Cultures maraîchères et terres fécondes

Femme travaillant dans leur champ maraîcher, soulignant la diversification de leurs activités pour assurer la subsistance

Au sein de la SCOPEP à Ayi Guinnou, la pratique des cultures maraîchères émerge comme une réponse ingénieuse aux défis rencontrés par ces femmes engagées dans la pêche artisanale. Avec dévouement, elles cultivent des produits tels que l’oignon, la carotte, la betterave, le chou, le piment, la laitue, et le grand Morel. Ces terres, souvent louées à des prix variants entre 15 000 et 30 000 FCFA, représentent bien plus qu’un lopin de terre. Ces cultures maraîchères deviennent ainsi le prolongement fertile de leur détermination, une manière de tisser un avenir nourri par la diversification de leurs activités et la maîtrise de leur destin.
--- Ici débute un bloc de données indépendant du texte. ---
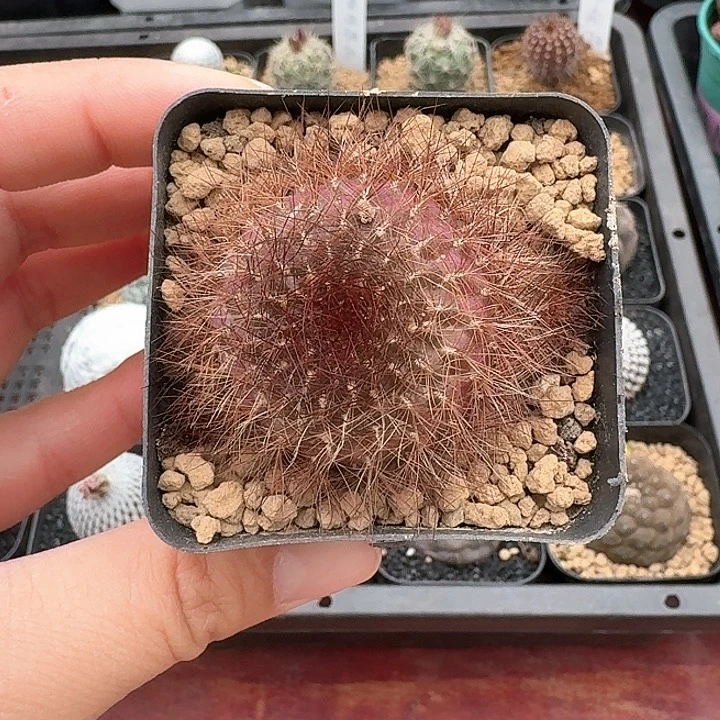 百丝巢仙人球123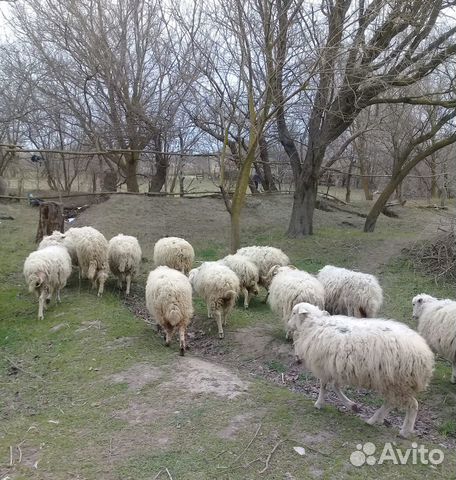Овцы ягнята купить на Зозу.ру - фотография № 2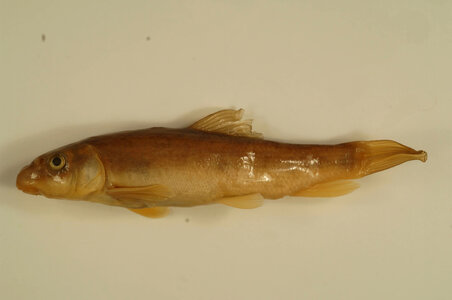 Catostomus commersonii-1
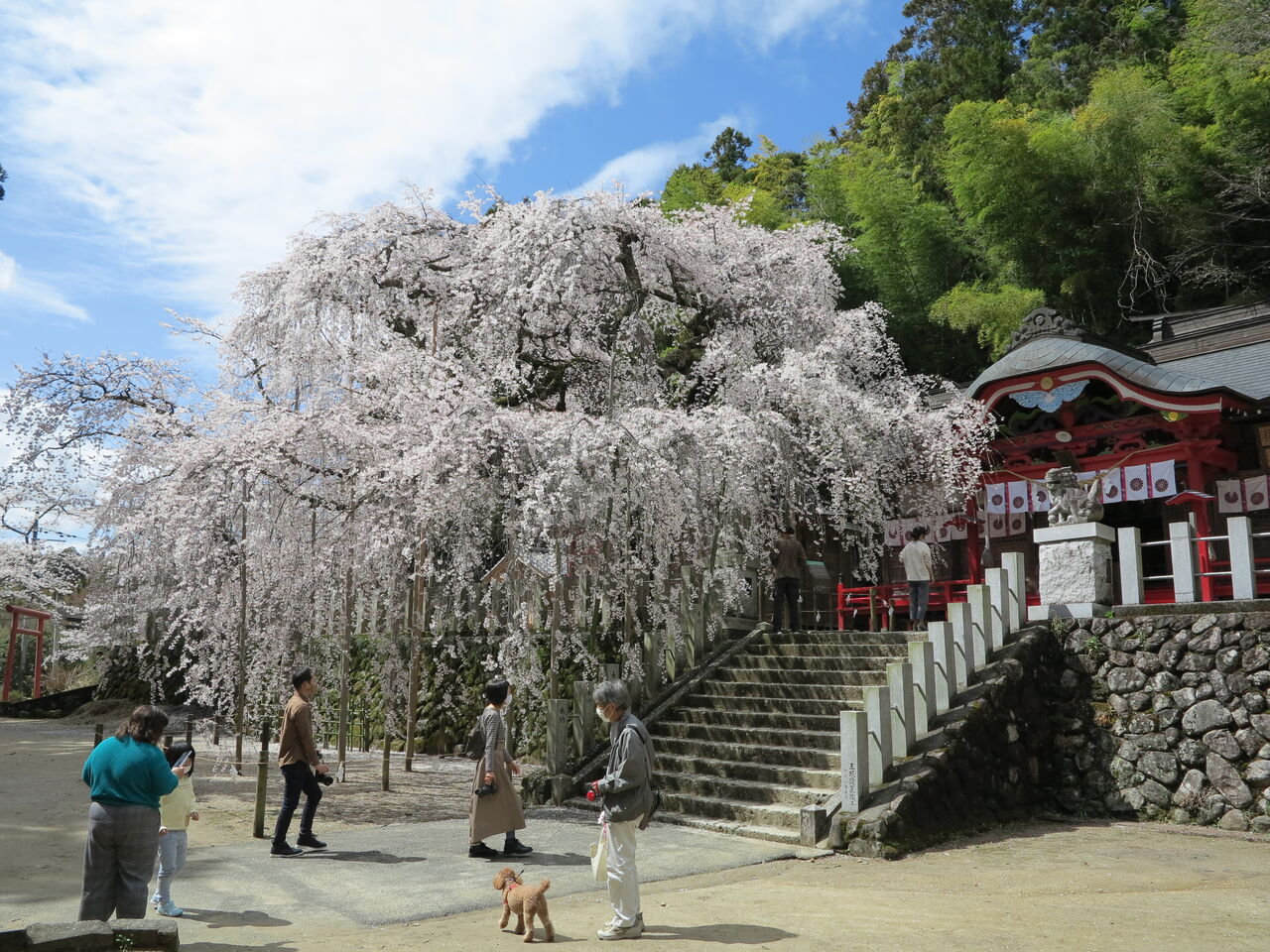 月 小川諏訪神社 しだれ桜 いわき市小川町 アルプス通信 魅惑の山々 月 小川諏訪神社 しだれ桜 いわき市小川町 アルプス通信 魅惑の山々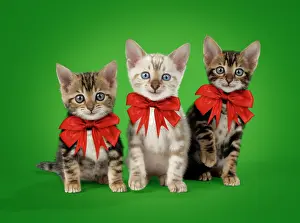 Bows: CAT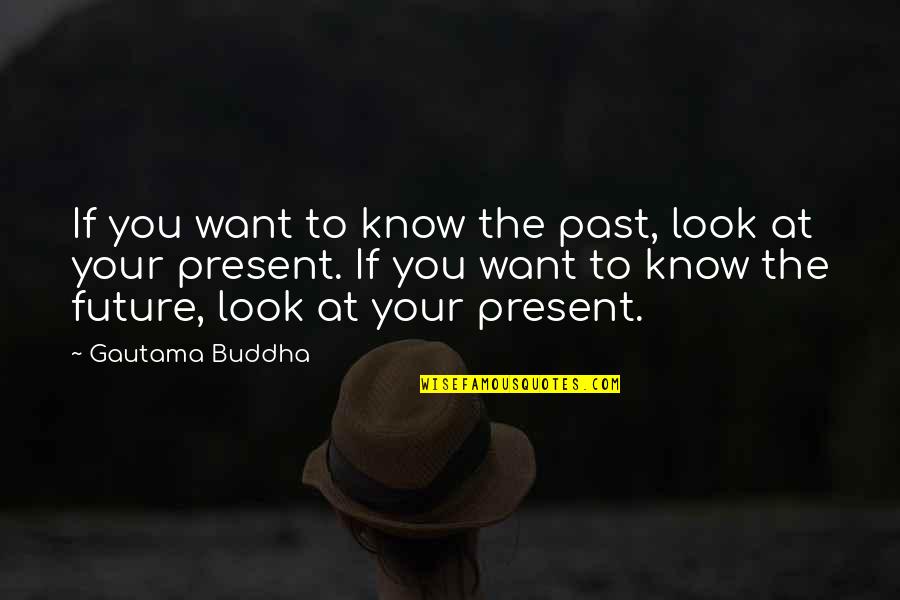 Buddha Future Quotes By Gautama Buddha: If you want to know the past, look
USCOFEP Bénin : Unissant plus de 200 Femmes

Des femmes de l’USCOFEP Bénin -Cotonou-

Avec plus de 200 membres actifs depuis quatre ans, l’Union des Sociétés Coopératives des Femmes de la Pêche du Bénin (USCOFEP) incarne la transparence dans la gestion des revenus. La présidente, Mme Anani Élisabeth, dirige cette association qui offre de multiples avantages, de l’information à l’entraide, des formations à l’accompagnement. Leur cotisation hebdomadaire de 500 FCFA et mensuelle de 1000 FCFA a accumulé un solide fonds de 5 000 000 FCFA.

Cependant, les défis persistent avec des problèmes d’écoulement des produits, principalement vendus à des particuliers et des restaurants. Les femmes de l’USCOFEP Bénin demandent de l’aide, cherchant un soutien financier pour surmonter ces obstacles. Une chambre froide solaire et des réfrigérateurs sont parmi leurs demandes pour améliorer leurs activités.

Vente des produits frais

Nous faisons face à des problèmes d’écoulement de nos produits. Nous disposons de diverses variétés de produits halieutiques : conservation par glace, salé séché, fumé, etc. C’est en vendant nos produits que nous couvrons les charges et les besoins de la famille, la scolarité des enfants. Nous, transformatrices et mareyeuses, dépensons plus que nos maris.

Ces femmes de Grand Popo et celles de Cotonou illustrent la résilience des acteurs de la pêche artisanale au Bénin. Leurs récits démontrent non seulement la contribution significative de ces femmes à l’économie locale mais également leur capacité à se mobiliser pour surmonter les défis. Elles plaident pour plus d’accompagnement, car leur impact va bien au-delà des eaux salées de l’Atlantique.